[[ GIVEN INFORMATION open ]]

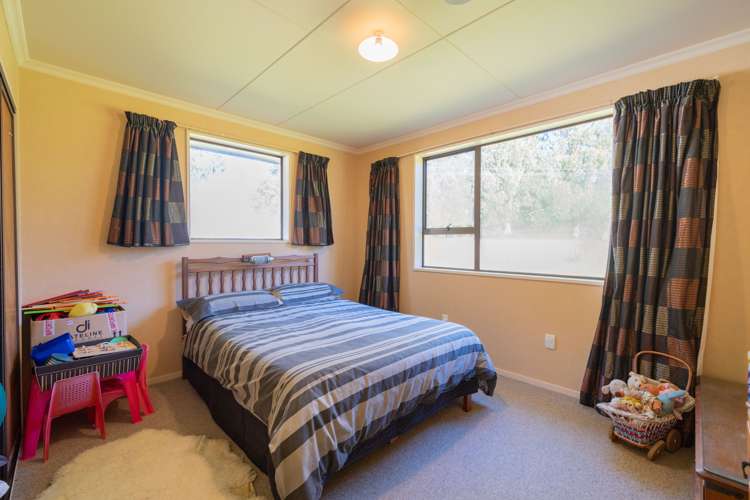 1063 Te Anau Mossburn Highway Te Anau Surrounds_15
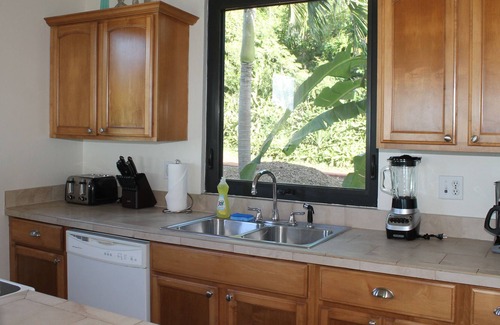 Estate Bethany House | Spectacular 2 BR/2.5 BA Townhome Villa w/Pool and Awesome Ocean Views!
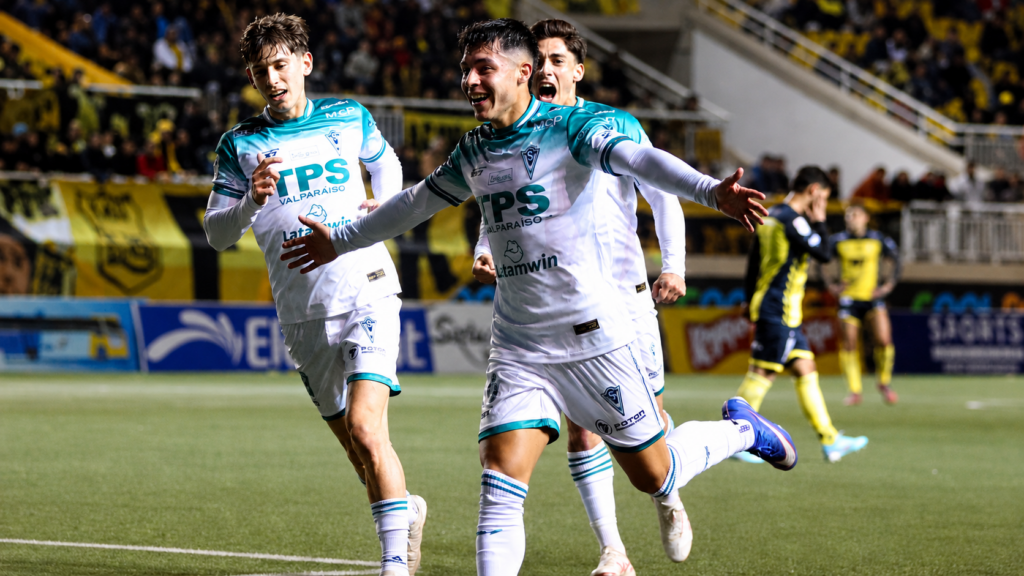 Santiago Wanderers vence a San Luis y queda como líder de la Liga de Ascenso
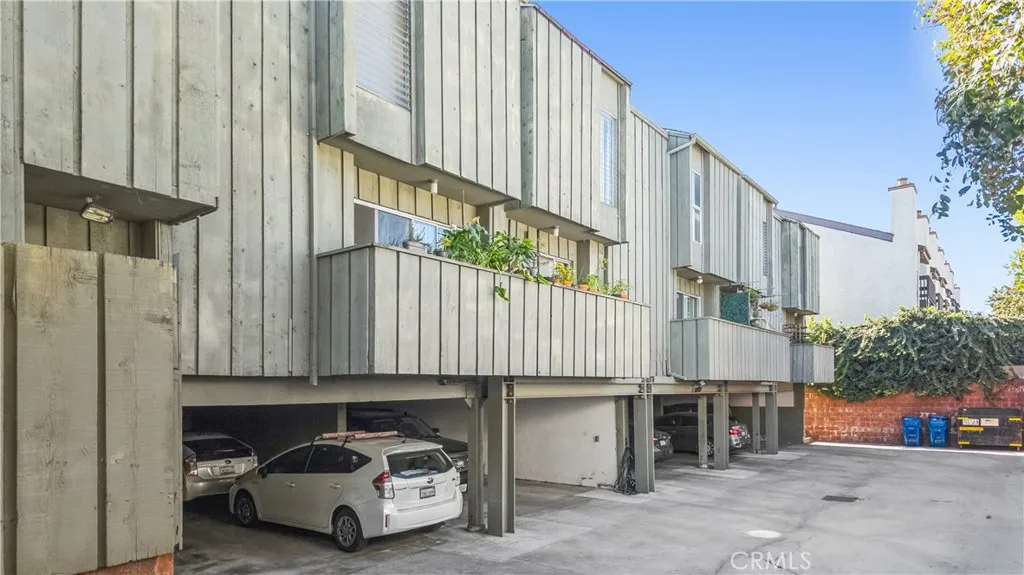 11607 Acama Street, Studio City, California 91604 home-pic-16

[[ GIVEN INFORMATION closed ]]

EXERCISE INSTRUCTIONS:
Print each line of the listing exactly and include no pictures.

EXPECTED ANSWER:
 1063 Te Anau Mossburn Highway Te Anau Surrounds_15
 Estate Bethany House | Spectacular 2 BR/2.5 BA Townhome Villa w/Pool and Awesome Ocean Views!
 Santiago Wanderers vence a San Luis y queda como líder de la Liga de Ascenso
 11607 Acama Street, Studio City, California 91604 home-pic-16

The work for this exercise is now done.